Workflow:Apache Druid Streaming Ingestion Management
| Knowledge Sources | |
|---|---|
| Domains | Data_Engineering, Stream_Processing, Real_Time_Analytics |
| Last Updated | 2026-02-10 10:00 GMT |
Overview
End-to-end process for creating, monitoring, and managing streaming ingestion supervisors in Apache Druid, covering Kafka and Kinesis data source configuration through the web console's Load Data wizard and Supervisors management view.
Description
This workflow covers the streaming ingestion lifecycle in the Druid web console. Streaming ingestion uses supervisors that continuously read from message streams (Apache Kafka topics or Amazon Kinesis streams) and create Druid segments in near-real-time. The workflow spans two console views: the Load Data wizard for initial supervisor creation (reusing the same multi-step process as batch ingestion but with streaming-specific configuration), and the Supervisors view for ongoing monitoring and management of running supervisors.
Key capabilities:
- Supervisor creation via the Load Data wizard with Kafka or Kinesis input sources
- Real-time supervisor status monitoring with lag metrics
- Per-partition offset tracking and management
- Supervisor lifecycle operations (suspend, resume, reset, terminate)

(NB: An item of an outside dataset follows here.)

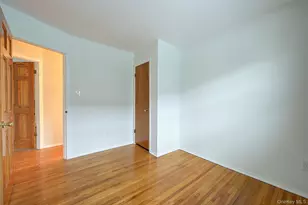 98 Union Pl, Lynbrook, NY 11563 - Photo 13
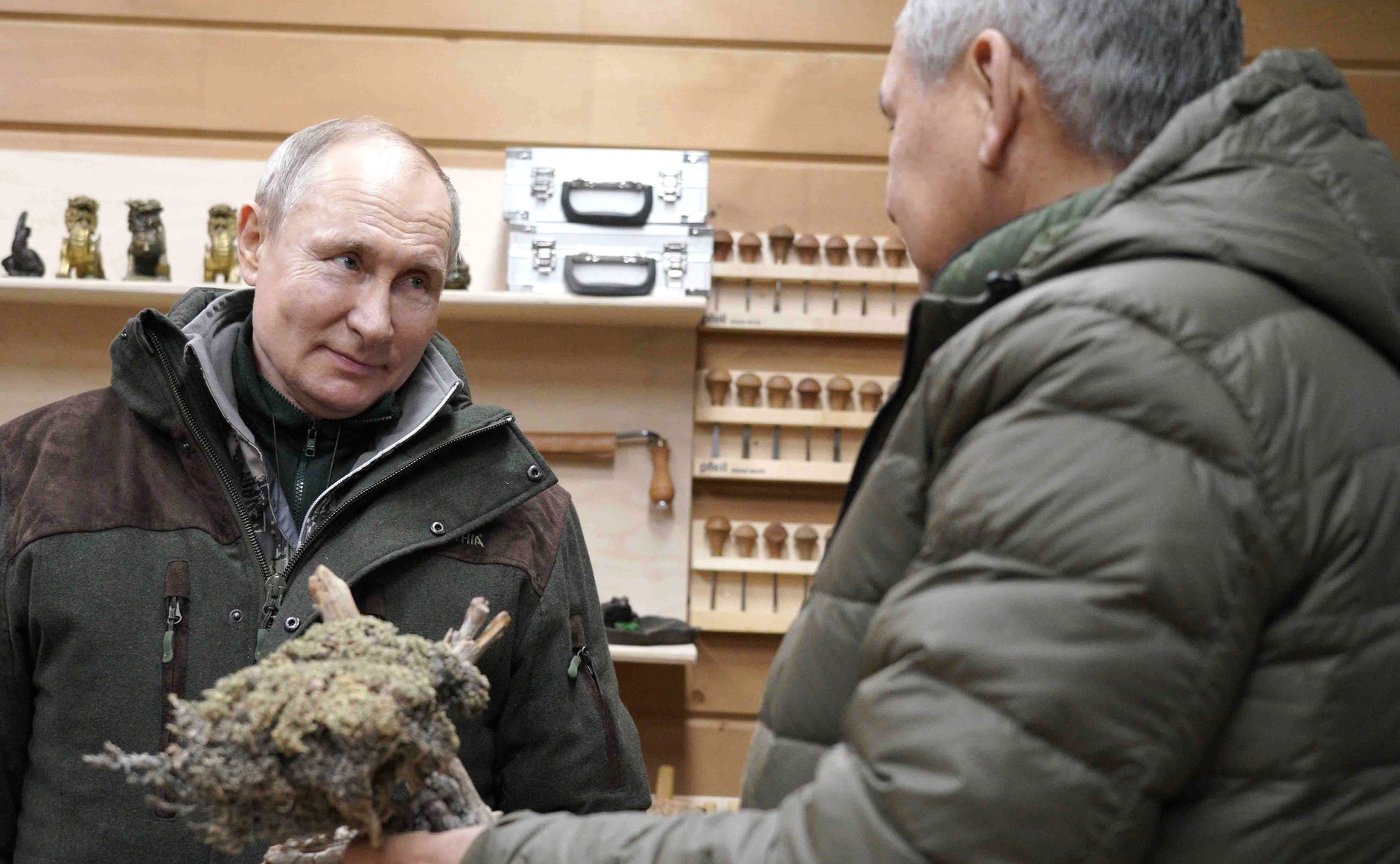 Сергей Шойгу показал Путину мастерскую, где он из сухих деревьев делает поделки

- Offset reset for reprocessing or skipping problematic data
- Task group handoff control for manual segment publishing
- Supervisor spec history with diff comparison
- Aggregate statistics including throughput, lag rates, and error counts
Usage
Execute this workflow when you need to continuously ingest data from Apache Kafka topics or Amazon Kinesis streams into Druid for near-real-time analytics. This covers the full lifecycle from initial supervisor setup through ongoing operational management, health monitoring, and troubleshooting.
Execution Steps
Step 1: Streaming Source Configuration
Create a new streaming ingestion supervisor using the Load Data wizard. Select either Apache Kafka or Amazon Kinesis as the input source, then configure connection parameters (bootstrap servers, topic name, consumer properties for Kafka; stream name, endpoint, AWS credentials for Kinesis). The wizard uses the sampler API to validate connectivity and preview streaming data.
Key considerations:
- Kafka configuration requires bootstrap servers, topic, and consumer group settings
- Kinesis configuration requires stream name, AWS region, and optional endpoint
- The sampler previews a snapshot of current stream data for parser validation
- Consumer properties (security protocol, SASL, SSL) must match broker requirements
Step 2: Schema and Ingestion Spec Definition
Configure parsing, timestamp, transformation, filtering, and schema settings through the same wizard steps as batch ingestion. The streaming-specific differences include tuning parameters for task duration, task count, replicas, and handoff conditions.
Key considerations:
- Streaming tasks are ephemeral; they run for a configured duration then hand off segments
- Task count and replicas affect throughput and fault tolerance
- The ingestion spec includes ioConfig settings specific to streaming (period, useEarliestOffset)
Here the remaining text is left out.